There will be a number of momentous decisions in your band life. Most of them will revolve around what you can afford to eat, what order to play the 6 covers you know and how the hell to get your gear to gigs. (spoiler alert: it’ll be your mum’s car) They will also mostly take the form of raging battles  with the other members of your band. You know, those guys that you rely on, wouldn’t ever be without but desperately want to execute and chuck in a ditch. Yeah, them.

This decision though? Oh, this one is all yours. What do you play? What are you? Which particular deity of the Rock Pantheon will you channel? There’s a variety of factors that could help you decide this. Cost of gear, size of gear, how much patience you have, how much natural rhythm, bravado.
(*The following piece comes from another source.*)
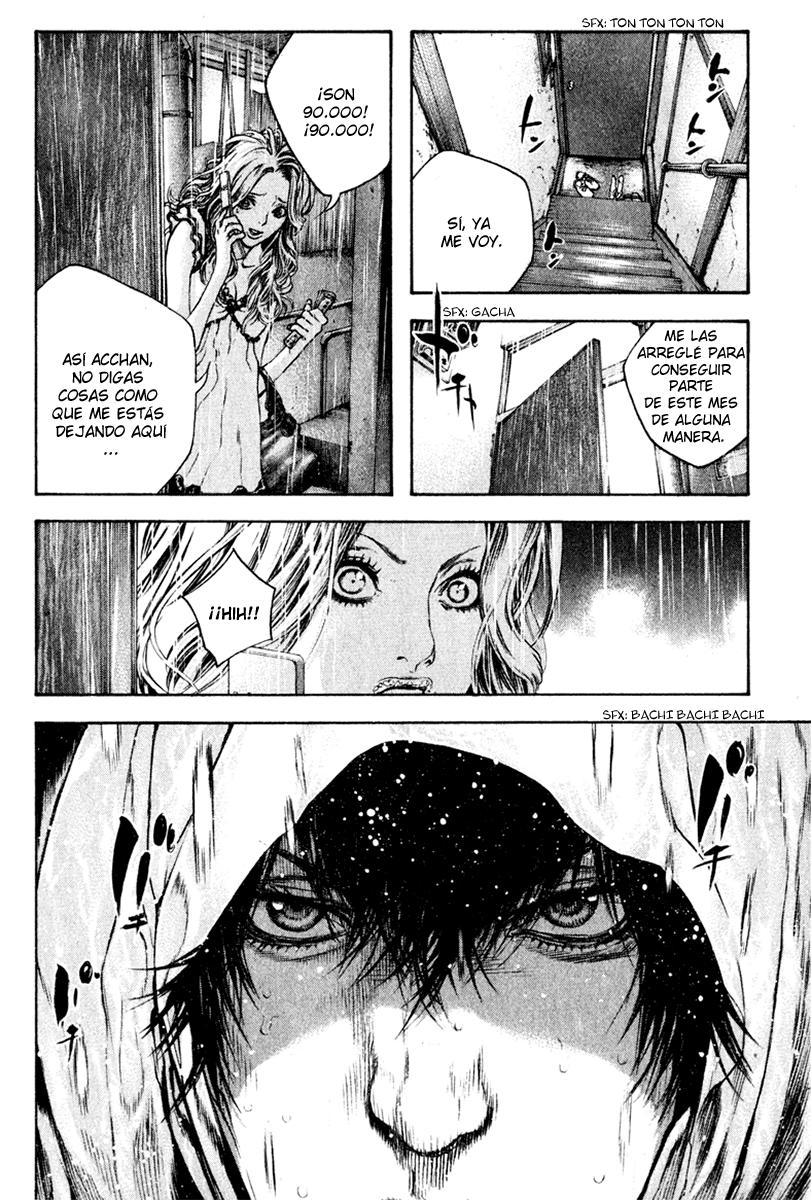 Read The Climber (es) Manga Online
All of these will factor in, but mostly, it’ll come down to which one you think will make you seem cooler. Or sexier. So let’s have a little look at the options shall we?

Lead singer – Regardless of whether or not you’re the actual frontman for the band, you need to have the confidence of a war-time general, and preferably, a decent set of pipes on you. While many bands have made it with the raw warbling of an angry, oppressed punk at the helm, it does help if you can intentionally hit a few notes. You need a tonne of confidence, charm and charisma. Or at least the ability to fake the hell out of it.

  • Bonus: Your equipment is, well, in your damn throat so getting it to gigs should be pretty easy.
  • Downside: The slightest cough or chill can ruin your performance and you’ll become super sensitive about getting the sniffles near gig time. Stock up on honey.


Lead guitarist – Want to be a lead singer but really can’t sing? Or do you just need something to hide behind? Learn to make a guitar sing for you, with nimble fingers you can make your six-string wail like a banshee. Just make sure you get at least one solo per song if not more. Do be warned, this role comes with a high chance of addictive guitar buying. Also there’s going to be about a million of you at every audition, you’re basically the first job filled in every band so… happy hunting!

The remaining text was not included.